Bloomberg Law
Dec. 7, 2018, 2:25 PM

Another Electric Chair Execution Proceeds Over Sotomayor Dissent

Jordan S. Rubin
Jordan S. Rubin
Reporter

Justice Sonia Sotomayor characterized the latest execution by electric chair in Tennessee as “madness” in her latest dissent late Dec. 6 over the death penalty.

The execution followed a familiar pattern as Tennessee put to death inmate David Earl Miller over the latest Sotomayor dissent. Just last month she dissented from the high court’s decision to allow another electrocution in the same state to go forward.

“Such madness should not continue,” the justice wrote, not long before the state killed Miller for the 1981 Knoxville murder of Lee Standifer.

She bemoaned the U.S. Supreme Court’s 2015 decision in Glossip v. Gross requiring inmates to offer alternate ways to be executed if they argue the state’s preferred method is cruel and unusual.

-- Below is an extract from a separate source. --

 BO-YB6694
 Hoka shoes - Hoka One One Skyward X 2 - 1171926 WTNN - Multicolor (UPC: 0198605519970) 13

Miller chose the electric chair given how potentially painful lethal injection can be, Sotomayor observed. But being electrocuted to death isn’t a great option either, she said, noting it can also “be a dreadful way to die.”

Miller’s last words, as recounted by media witnesses after the execution: “Beats being on death row.”

The case is Miller v. Parker, U.S., 18-6739, 18A528, stay denied, review denied 12/6/18.